# Link between John Wesley's Arminianism and Post Conservative [Emergent] Christianity?



## Stephen L Smith (Mar 11, 2014)

Just wondering if anyone has studied or reflected on a possible link between John Wesley's Arminianism and Post Conservative [Emergent Church] Christianity?

John Wesley was an Arminian but did not fall into the error of many modern day Arminians. Eg, he had a high view of the work of the Spirit in Salvation and would not have approved of much of the pragmatic evangelism in modern day Christianity. I think Iain Murray's "Revival and Revivalism" documents this and helpfully shows that Finney took pragmatic evangelism to a level that Wesley would not have gone. Nevertheless Murray shows that it all had its roots in Methodism. I guess it is one more step from Wesley, Finney to the Emergent Church. 

Any thoughts?


----------



## MW (Mar 11, 2014)

I agree it is important to distinguish Wesley from later revivalists like Finney. Finney was basically a moralist and thought of conversion in terms of moral persuasion.

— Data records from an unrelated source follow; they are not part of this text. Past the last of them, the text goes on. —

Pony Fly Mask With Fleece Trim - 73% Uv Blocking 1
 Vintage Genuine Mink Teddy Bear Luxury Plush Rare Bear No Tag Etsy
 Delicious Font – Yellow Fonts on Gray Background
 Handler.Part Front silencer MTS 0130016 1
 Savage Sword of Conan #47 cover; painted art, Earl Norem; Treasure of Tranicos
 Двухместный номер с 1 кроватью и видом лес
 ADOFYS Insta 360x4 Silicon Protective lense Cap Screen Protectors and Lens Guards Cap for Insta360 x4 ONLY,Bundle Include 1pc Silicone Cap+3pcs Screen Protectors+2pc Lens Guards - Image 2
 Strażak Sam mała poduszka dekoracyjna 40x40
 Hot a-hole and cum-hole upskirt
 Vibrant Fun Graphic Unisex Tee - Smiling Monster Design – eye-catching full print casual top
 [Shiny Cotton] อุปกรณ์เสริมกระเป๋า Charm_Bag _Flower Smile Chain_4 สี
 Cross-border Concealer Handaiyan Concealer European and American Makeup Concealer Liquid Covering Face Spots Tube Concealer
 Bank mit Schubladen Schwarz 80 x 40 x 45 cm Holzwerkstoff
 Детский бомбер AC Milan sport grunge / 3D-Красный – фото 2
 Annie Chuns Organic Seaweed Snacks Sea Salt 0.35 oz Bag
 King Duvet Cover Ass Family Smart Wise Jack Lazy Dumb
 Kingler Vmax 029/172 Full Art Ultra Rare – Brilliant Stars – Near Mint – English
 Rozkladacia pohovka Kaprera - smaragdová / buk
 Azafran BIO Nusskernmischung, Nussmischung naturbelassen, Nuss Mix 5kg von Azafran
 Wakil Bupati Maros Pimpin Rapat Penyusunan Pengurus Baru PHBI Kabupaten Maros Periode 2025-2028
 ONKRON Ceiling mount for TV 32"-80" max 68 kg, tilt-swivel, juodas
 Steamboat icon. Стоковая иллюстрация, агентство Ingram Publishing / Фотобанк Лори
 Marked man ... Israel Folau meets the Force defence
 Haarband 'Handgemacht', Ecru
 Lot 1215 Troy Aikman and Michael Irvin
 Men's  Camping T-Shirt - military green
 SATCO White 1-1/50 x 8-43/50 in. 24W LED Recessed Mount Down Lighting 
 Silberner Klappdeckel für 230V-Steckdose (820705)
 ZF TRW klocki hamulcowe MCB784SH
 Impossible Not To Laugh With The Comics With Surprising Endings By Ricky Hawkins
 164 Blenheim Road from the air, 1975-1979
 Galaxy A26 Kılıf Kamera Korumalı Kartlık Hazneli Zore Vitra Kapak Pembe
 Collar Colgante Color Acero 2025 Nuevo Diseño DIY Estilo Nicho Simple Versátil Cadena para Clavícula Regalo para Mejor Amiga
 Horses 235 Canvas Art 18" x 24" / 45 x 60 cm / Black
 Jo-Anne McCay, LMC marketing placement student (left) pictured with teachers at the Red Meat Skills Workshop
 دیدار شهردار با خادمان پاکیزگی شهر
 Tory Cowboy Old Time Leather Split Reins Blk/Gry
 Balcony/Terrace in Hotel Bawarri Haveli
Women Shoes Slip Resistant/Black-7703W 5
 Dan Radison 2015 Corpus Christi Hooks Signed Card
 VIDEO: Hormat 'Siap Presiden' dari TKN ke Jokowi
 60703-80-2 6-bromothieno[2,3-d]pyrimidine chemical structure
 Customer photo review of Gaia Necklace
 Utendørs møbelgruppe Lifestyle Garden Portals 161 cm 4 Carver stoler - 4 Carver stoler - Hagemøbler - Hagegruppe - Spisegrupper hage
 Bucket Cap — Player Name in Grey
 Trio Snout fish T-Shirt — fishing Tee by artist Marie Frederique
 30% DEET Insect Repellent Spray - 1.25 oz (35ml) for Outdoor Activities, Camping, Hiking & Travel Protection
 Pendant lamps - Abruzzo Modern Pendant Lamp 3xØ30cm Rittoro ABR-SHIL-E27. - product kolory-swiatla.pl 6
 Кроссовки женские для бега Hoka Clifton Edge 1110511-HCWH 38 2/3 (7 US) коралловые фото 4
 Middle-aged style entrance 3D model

Wesley's Christian Library is an important source for understanding the type of writings which influenced him. Some of the works from the Anglican and Eastern traditions indicate a mystical strain which runs counter to some of the Puritan influences. (It is available at the Wesley Center Online.)


----------



## Stephen L Smith (Mar 13, 2014)

Thanks Rev Winzer. I guess I was specifically interested in how Arminianism opens the door for Emergent Church pragmaticism. It seems to me that Wesley was reluctant to take the pragmatic road (perhaps because of his high view of the Spirit's work in conversion) but others quickly went that way via Finney.


----------



## Gforce9 (Mar 13, 2014)

Stephen,
You ask a question which requires an answer that has many facets. At the foundation of this (at least one of the big rocks of said foundation), in my opinion, is Wesley's (and Arminius's) "handling" of Original Sin. When you, in effect, deny/alter/lessen the theology of a thoroughly corrupt man(kind), a ship leaving any of those ports is surely headed in a the direction of rough seas.....or a Kiwi island....


----------



## MW (Mar 13, 2014)

Wesley had a number of factors in his favour. The importance placed on the work of the Spirit is certainly one of them. He wasn't a post-modernist, but then neither was Finney, and in that sense Finney would not have agreed with the Emergent Church. Primarily, though, his essential Anglicanism would have kept him from the whole idea that one "does church."


----------